▶ _RECORDS_:
┌──
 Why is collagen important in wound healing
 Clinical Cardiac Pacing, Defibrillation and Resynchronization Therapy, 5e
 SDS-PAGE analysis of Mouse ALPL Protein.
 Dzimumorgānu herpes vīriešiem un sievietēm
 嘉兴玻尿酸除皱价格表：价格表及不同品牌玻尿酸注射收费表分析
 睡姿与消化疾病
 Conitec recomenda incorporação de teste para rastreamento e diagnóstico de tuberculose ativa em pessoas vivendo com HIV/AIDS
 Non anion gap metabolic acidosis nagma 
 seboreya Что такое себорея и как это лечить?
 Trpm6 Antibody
└──
┌──
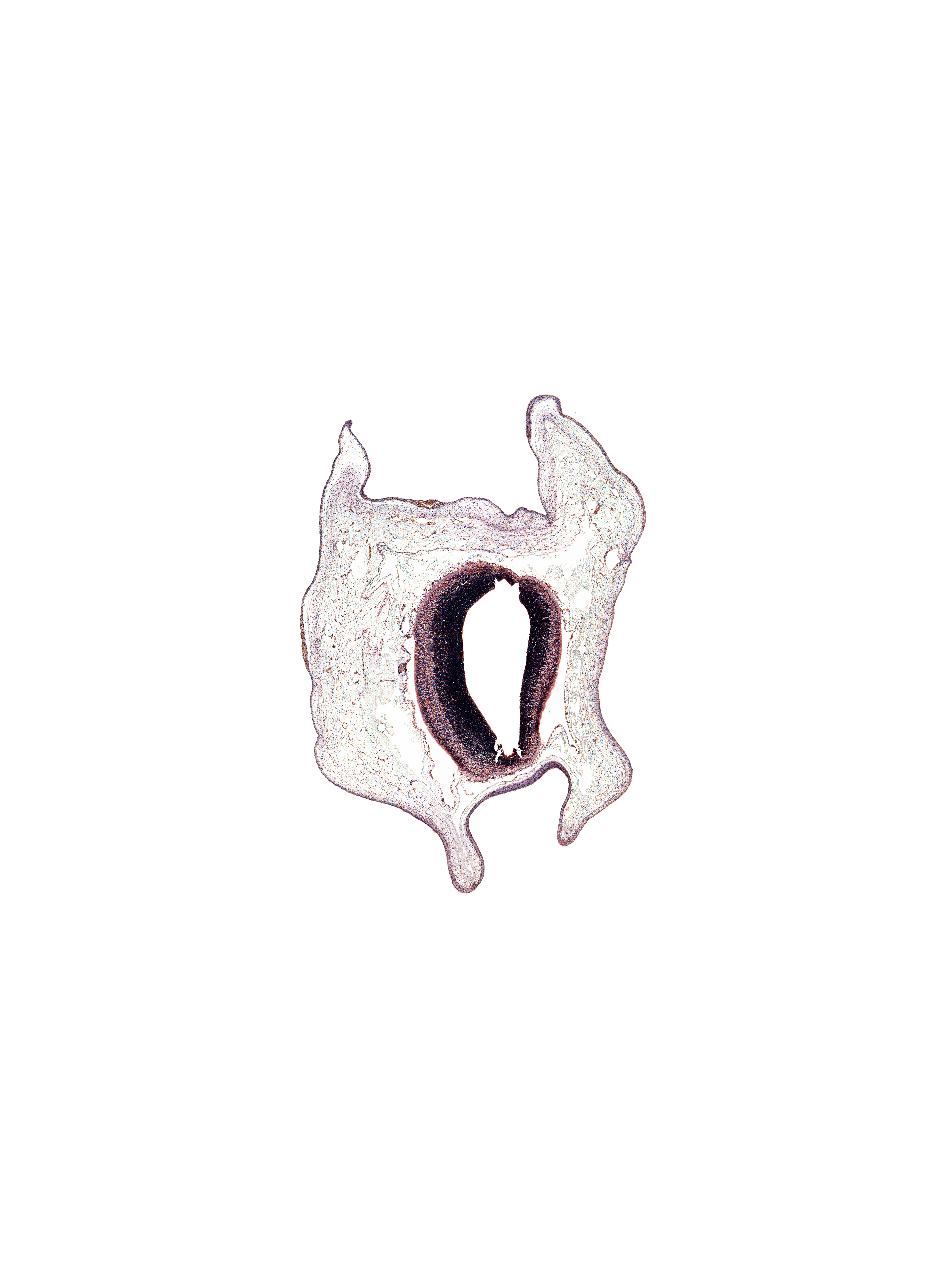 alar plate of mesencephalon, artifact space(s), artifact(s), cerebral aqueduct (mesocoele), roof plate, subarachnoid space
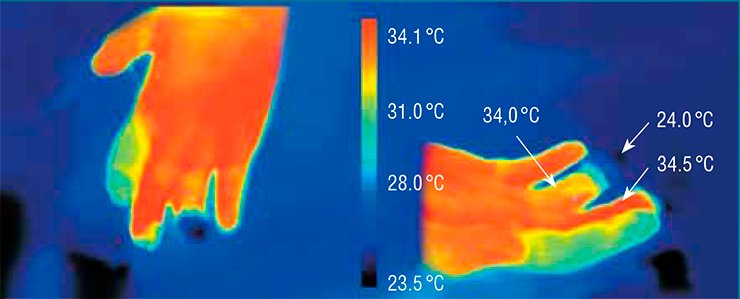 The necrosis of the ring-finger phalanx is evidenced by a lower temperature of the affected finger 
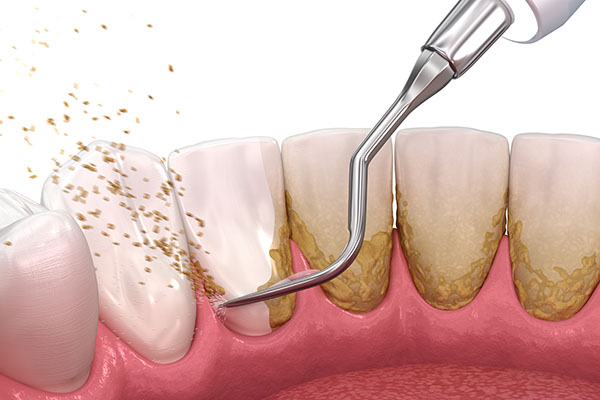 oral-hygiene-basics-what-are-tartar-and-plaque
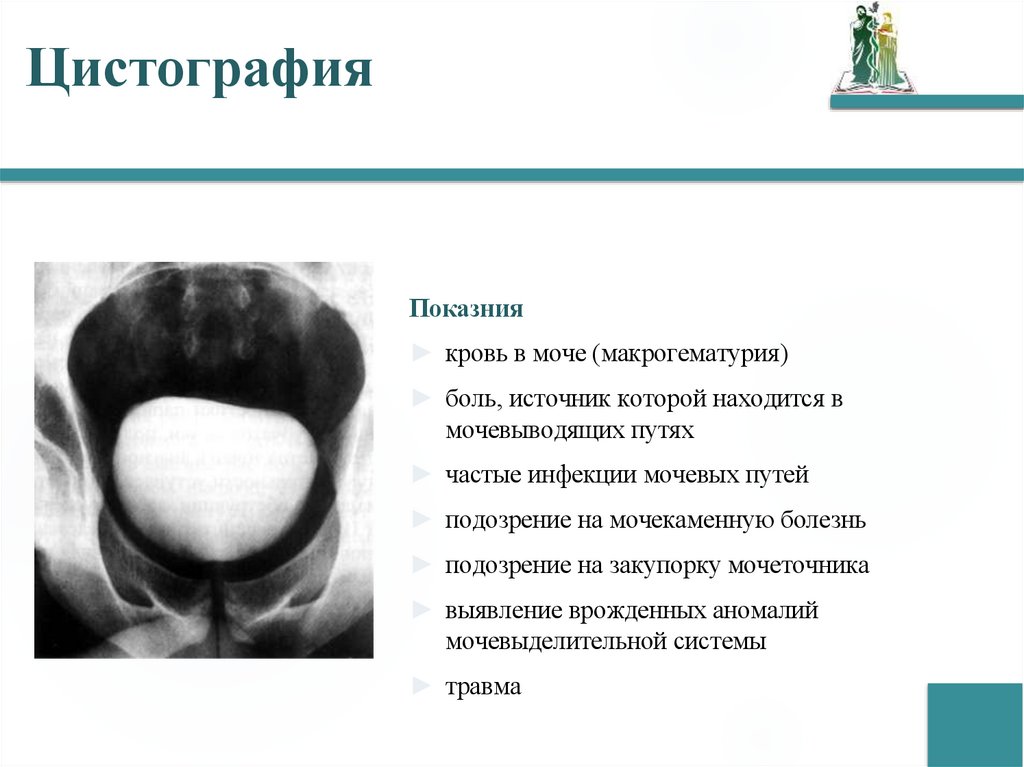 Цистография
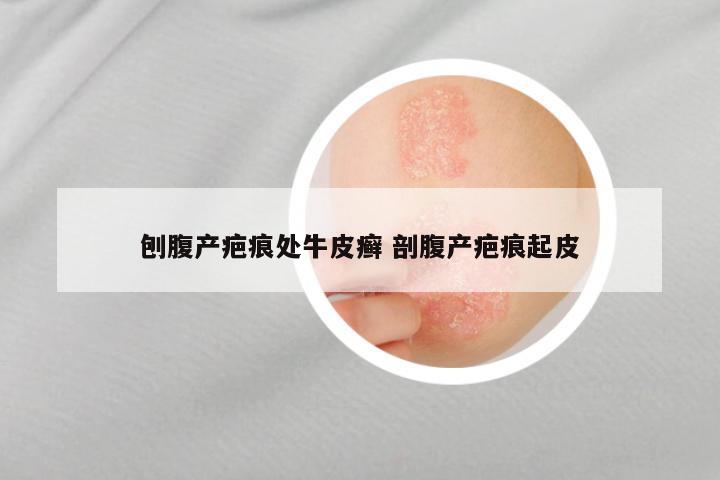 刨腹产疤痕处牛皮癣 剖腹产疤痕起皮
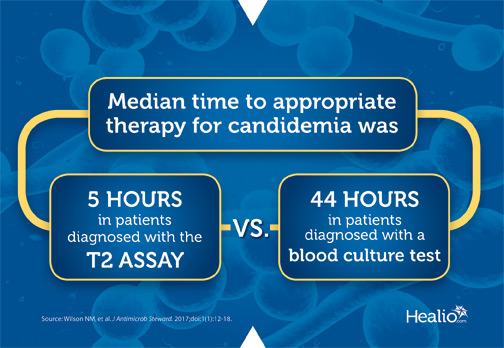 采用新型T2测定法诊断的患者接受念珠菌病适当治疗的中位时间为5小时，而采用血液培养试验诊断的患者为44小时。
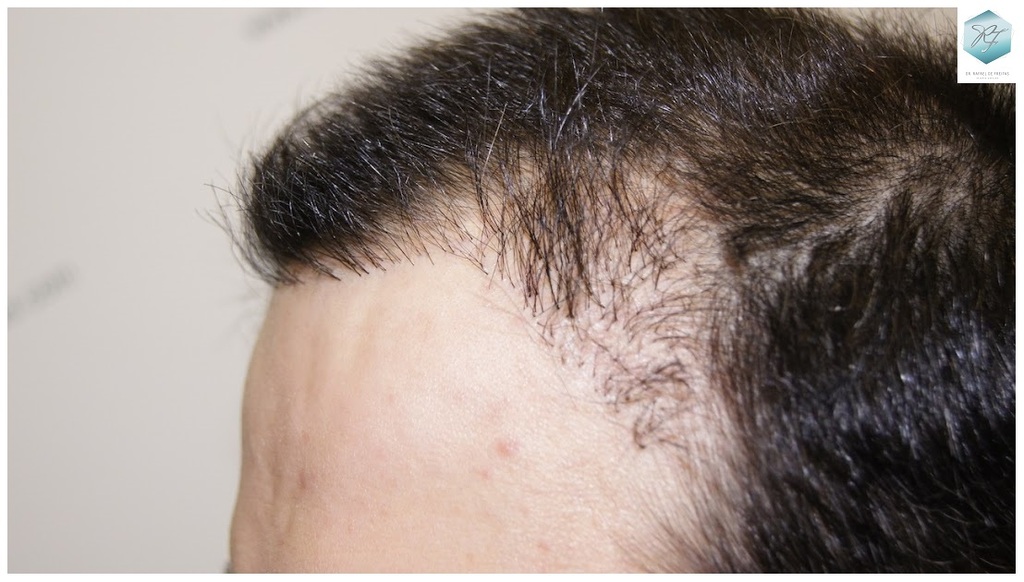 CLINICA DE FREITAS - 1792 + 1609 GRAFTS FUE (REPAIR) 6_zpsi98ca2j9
└──
┌──
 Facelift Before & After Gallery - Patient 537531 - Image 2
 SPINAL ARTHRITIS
└──
▶ _PROBLEM DETAILS_:
When you reach the line containing "Conitec recomenda incorporação" in the data above, start copying exactly, and stop after the line containing "Trpm6 Antibody".

▶ _SOLUTION TO THE EXERCISE_:
 Conitec recomenda incorporação de teste para rastreamento e diagnóstico de tuberculose ativa em pessoas vivendo com HIV/AIDS
 Non anion gap metabolic acidosis nagma 
 seboreya Что такое себорея и как это лечить?
 Trpm6 Antibody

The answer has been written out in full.